_What you have to do_.
Print nothing except the lines of the listing below from the line with "Ornate Temple Deity" to the line with "Luxury Ramadan <b>Gift</b>", each exactly as written, both ends included.

*** Records supplied ***

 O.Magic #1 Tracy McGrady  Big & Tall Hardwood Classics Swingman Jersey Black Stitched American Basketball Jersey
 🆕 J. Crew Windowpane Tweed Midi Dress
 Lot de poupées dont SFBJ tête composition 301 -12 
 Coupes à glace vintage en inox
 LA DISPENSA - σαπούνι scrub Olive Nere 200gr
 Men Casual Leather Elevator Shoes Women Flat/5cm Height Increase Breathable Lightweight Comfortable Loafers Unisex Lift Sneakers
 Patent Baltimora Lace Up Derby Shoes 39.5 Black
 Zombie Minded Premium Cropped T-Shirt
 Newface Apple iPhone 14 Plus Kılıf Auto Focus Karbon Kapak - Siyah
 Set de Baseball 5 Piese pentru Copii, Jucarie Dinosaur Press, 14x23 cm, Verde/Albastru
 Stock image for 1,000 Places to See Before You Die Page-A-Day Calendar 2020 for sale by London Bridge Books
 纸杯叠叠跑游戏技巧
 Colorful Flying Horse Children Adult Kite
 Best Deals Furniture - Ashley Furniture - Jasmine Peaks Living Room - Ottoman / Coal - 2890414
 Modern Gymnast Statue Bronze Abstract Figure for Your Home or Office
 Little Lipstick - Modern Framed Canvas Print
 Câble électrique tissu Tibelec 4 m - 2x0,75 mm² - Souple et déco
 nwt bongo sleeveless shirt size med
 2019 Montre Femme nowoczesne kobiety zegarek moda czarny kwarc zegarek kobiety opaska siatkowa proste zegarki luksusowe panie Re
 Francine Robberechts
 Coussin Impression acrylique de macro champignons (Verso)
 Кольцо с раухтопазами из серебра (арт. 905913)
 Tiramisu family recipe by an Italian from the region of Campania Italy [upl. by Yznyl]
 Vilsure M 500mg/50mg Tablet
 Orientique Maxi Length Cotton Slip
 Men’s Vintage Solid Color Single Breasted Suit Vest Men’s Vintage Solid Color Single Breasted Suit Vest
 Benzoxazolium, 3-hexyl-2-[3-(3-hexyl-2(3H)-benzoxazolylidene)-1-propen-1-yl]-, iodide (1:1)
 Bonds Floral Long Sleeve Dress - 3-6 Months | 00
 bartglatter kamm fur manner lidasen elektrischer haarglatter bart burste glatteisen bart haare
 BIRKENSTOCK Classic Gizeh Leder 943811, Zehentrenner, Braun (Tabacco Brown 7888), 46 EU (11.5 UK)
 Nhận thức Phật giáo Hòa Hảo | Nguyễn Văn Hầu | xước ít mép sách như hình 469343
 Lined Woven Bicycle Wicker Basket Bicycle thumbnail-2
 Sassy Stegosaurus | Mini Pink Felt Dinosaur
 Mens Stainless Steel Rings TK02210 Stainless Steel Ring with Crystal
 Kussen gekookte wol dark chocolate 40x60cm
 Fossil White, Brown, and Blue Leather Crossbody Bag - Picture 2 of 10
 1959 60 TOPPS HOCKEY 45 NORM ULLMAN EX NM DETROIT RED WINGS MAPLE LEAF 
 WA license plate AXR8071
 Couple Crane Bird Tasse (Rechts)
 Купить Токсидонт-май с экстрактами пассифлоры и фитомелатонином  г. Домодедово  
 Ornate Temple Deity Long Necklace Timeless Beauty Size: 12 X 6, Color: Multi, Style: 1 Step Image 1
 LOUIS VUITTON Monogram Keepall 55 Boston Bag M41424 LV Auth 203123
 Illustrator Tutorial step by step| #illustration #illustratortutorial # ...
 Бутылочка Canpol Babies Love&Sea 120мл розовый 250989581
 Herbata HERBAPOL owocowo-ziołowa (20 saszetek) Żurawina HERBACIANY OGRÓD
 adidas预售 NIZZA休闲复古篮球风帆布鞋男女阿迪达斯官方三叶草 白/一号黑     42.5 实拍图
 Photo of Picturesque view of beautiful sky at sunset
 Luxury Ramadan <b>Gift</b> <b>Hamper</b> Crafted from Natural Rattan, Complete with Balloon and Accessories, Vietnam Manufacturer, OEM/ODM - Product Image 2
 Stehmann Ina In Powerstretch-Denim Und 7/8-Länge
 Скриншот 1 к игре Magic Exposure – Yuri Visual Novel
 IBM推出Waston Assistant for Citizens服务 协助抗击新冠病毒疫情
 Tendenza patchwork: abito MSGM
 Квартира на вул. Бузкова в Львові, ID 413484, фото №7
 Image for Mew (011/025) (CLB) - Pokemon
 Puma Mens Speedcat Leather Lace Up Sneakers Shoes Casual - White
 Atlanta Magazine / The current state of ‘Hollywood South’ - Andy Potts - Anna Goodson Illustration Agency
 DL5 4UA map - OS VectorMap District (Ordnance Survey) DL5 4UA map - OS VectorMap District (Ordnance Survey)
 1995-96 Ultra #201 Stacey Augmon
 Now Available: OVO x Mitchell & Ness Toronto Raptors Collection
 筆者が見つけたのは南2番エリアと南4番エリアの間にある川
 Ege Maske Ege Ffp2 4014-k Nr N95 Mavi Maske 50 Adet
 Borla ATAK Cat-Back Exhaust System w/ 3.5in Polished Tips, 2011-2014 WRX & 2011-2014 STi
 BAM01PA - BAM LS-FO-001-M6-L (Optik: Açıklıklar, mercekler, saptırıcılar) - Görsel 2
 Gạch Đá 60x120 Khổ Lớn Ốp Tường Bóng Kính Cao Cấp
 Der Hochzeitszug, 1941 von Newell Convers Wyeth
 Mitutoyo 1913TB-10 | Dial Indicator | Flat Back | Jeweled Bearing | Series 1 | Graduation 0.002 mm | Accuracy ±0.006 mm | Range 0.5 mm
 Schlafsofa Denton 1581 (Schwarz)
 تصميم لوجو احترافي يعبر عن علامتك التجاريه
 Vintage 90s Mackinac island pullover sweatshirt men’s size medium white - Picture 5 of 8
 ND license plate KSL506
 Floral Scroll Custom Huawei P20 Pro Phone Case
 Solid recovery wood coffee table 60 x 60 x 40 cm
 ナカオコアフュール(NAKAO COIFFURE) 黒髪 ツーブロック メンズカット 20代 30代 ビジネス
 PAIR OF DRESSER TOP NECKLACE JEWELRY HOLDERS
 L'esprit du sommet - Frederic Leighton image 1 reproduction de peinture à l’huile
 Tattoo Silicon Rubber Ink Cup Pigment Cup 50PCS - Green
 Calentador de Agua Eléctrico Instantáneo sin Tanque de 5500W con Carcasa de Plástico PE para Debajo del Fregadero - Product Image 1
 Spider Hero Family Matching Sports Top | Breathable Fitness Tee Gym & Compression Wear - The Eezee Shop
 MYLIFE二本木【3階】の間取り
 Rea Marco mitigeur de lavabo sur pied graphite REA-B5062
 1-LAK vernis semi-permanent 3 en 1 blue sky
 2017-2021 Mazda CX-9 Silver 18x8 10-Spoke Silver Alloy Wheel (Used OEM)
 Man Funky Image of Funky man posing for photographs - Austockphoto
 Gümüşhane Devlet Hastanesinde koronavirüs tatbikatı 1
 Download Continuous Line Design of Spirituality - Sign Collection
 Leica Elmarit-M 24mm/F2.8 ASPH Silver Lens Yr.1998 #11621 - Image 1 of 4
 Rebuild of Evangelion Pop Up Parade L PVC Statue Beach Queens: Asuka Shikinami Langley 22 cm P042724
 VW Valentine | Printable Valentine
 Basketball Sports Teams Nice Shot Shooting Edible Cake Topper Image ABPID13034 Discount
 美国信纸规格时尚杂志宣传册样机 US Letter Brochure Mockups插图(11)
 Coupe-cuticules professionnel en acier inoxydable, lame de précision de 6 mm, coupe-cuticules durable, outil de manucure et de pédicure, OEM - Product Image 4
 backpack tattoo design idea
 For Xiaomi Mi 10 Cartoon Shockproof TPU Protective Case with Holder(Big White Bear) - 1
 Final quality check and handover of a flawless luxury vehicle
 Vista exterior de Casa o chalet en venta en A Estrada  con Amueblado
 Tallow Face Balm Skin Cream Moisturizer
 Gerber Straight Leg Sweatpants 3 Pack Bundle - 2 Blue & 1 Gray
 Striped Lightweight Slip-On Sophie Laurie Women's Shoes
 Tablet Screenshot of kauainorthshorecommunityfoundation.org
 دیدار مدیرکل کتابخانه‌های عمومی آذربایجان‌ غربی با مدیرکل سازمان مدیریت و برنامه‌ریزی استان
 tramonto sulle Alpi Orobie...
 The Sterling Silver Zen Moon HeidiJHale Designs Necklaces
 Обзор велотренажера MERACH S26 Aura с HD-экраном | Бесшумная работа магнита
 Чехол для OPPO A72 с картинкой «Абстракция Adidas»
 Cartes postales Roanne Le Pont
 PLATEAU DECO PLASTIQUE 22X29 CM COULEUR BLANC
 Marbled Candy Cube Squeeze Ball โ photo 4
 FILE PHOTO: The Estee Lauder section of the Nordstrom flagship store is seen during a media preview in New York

***

_Reply_.
 Ornate Temple Deity Long Necklace Timeless Beauty Size: 12 X 6, Color: Multi, Style: 1 Step Image 1
 LOUIS VUITTON Monogram Keepall 55 Boston Bag M41424 LV Auth 203123
 Illustrator Tutorial step by step| #illustration #illustratortutorial # ...
 Бутылочка Canpol Babies Love&Sea 120мл розовый 250989581
 Herbata HERBAPOL owocowo-ziołowa (20 saszetek) Żurawina HERBACIANY OGRÓD
 adidas预售 NIZZA休闲复古篮球风帆布鞋男女阿迪达斯官方三叶草 白/一号黑     42.5 实拍图
 Photo of Picturesque view of beautiful sky at sunset
 Luxury Ramadan <b>Gift</b> <b>Hamper</b> Crafted from Natural Rattan, Complete with Balloon and Accessories, Vietnam Manufacturer, OEM/ODM - Product Image 2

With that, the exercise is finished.